### Work task
The answer should hold every line of the listing, unchanged and free of images.

### Information provided
========================================================================

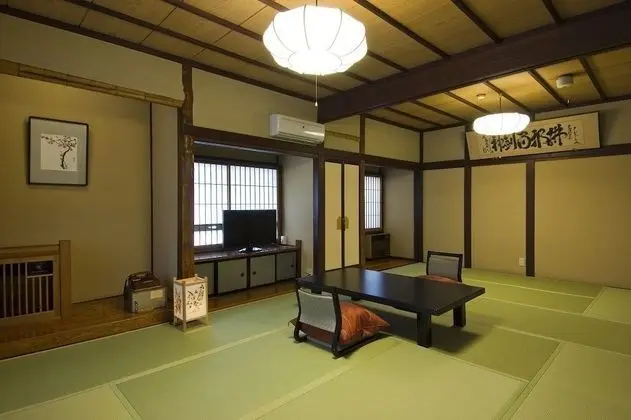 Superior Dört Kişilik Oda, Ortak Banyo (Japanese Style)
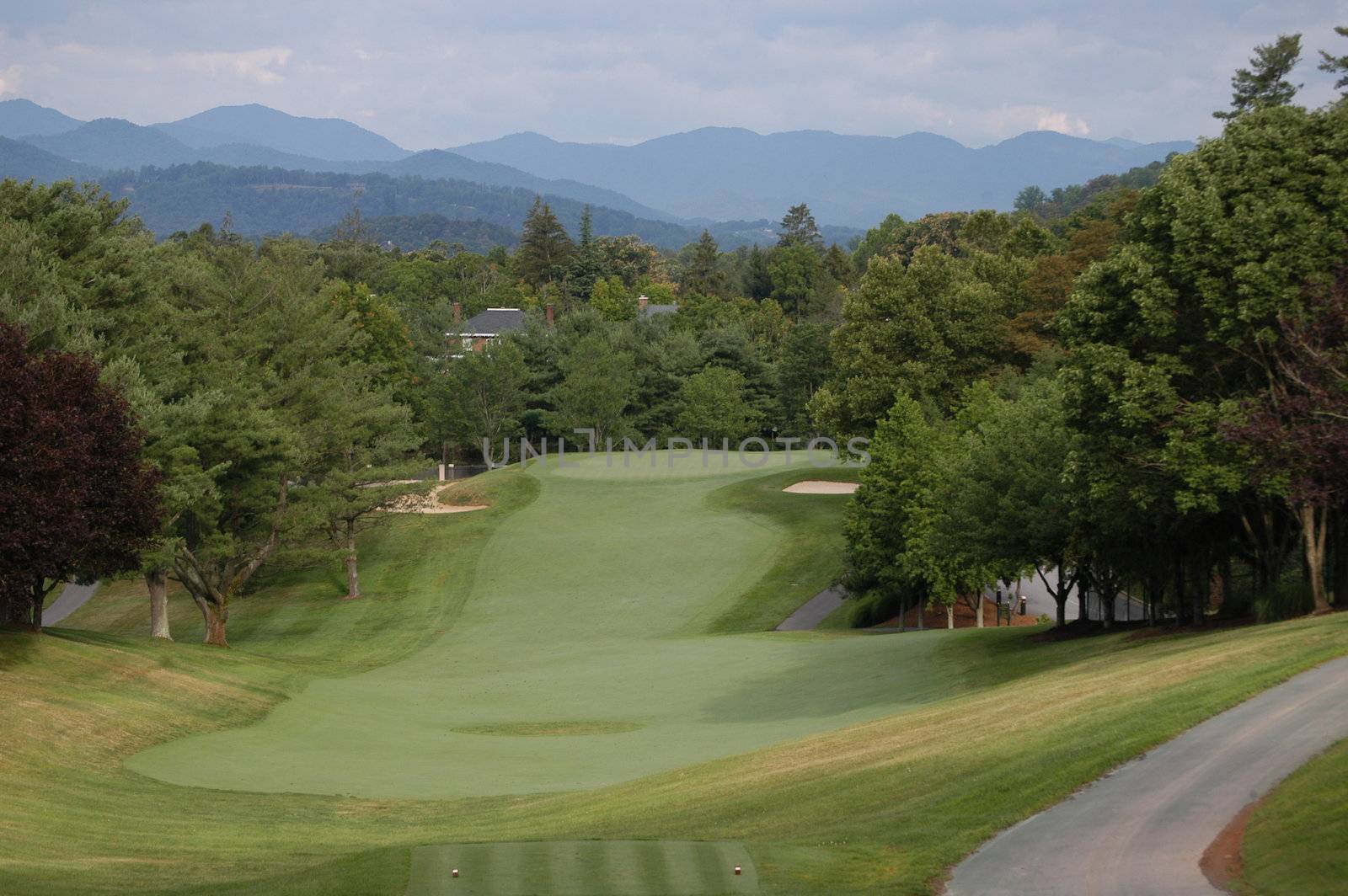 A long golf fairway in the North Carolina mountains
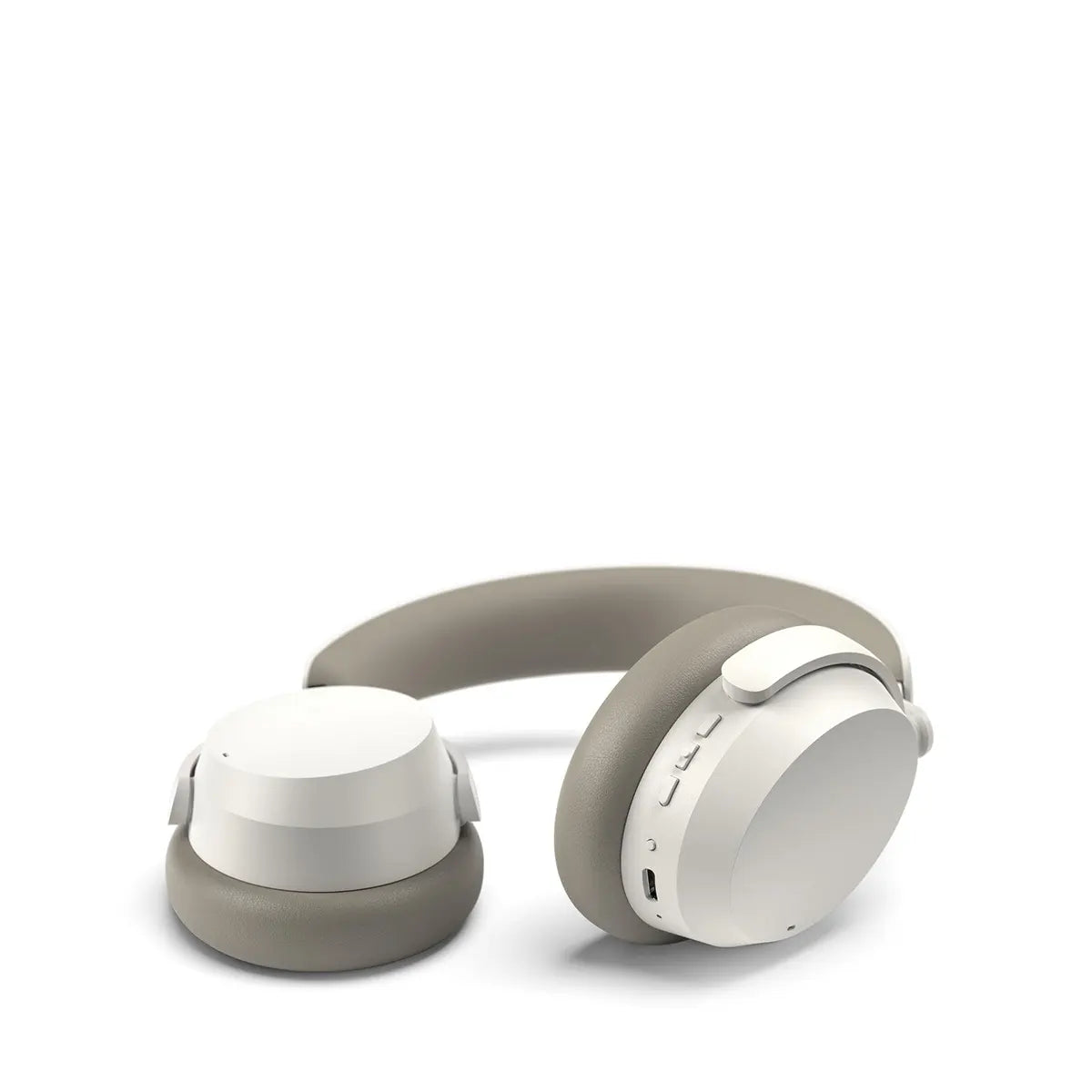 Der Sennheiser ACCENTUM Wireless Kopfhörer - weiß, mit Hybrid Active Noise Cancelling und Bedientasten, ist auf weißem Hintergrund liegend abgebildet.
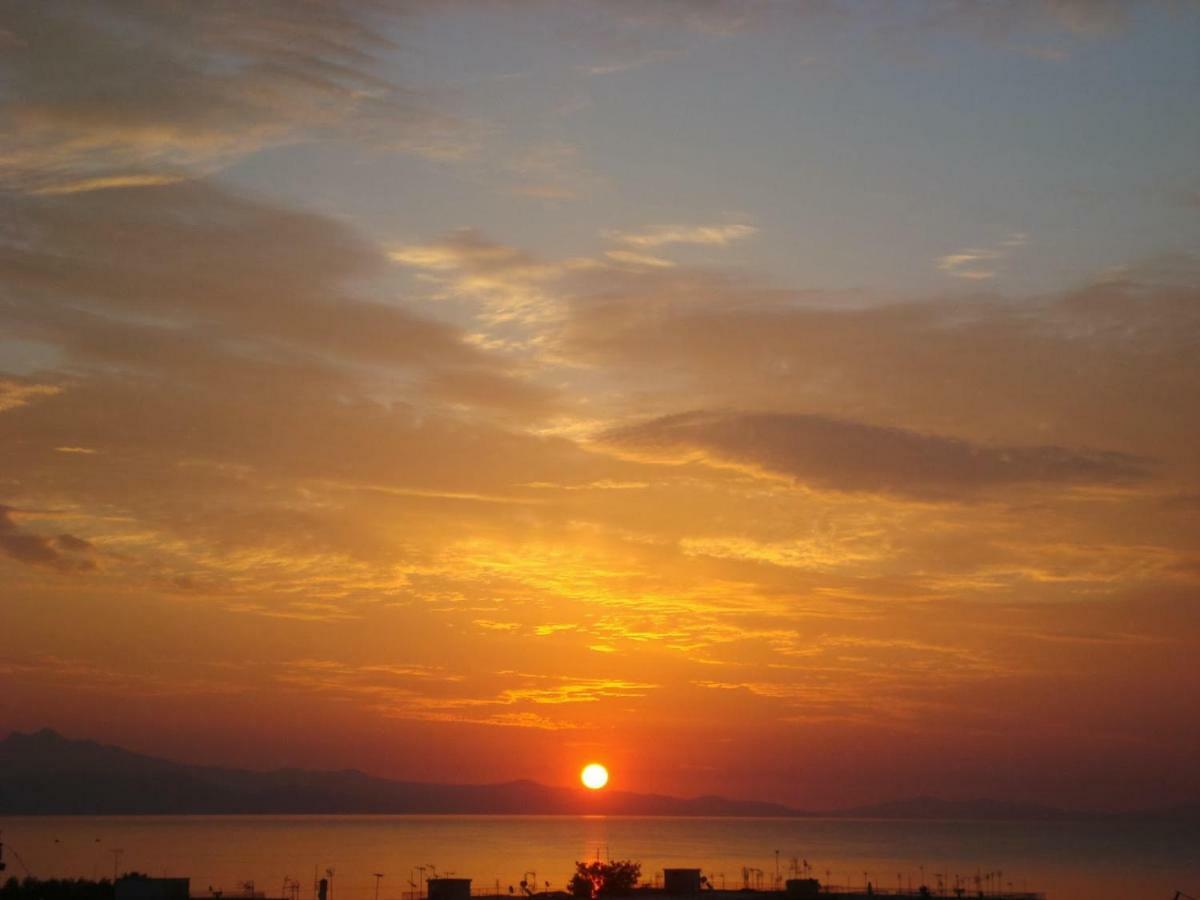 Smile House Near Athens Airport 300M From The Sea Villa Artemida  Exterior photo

========================================================================

### Answer to this task
 Superior Dört Kişilik Oda, Ortak Banyo (Japanese Style)
 A long golf fairway in the North Carolina mountains
 Der Sennheiser ACCENTUM Wireless Kopfhörer - weiß, mit Hybrid Active Noise Cancelling und Bedientasten, ist auf weißem Hintergrund liegend abgebildet.
 Smile House Near Athens Airport 300M From The Sea Villa Artemida  Exterior photo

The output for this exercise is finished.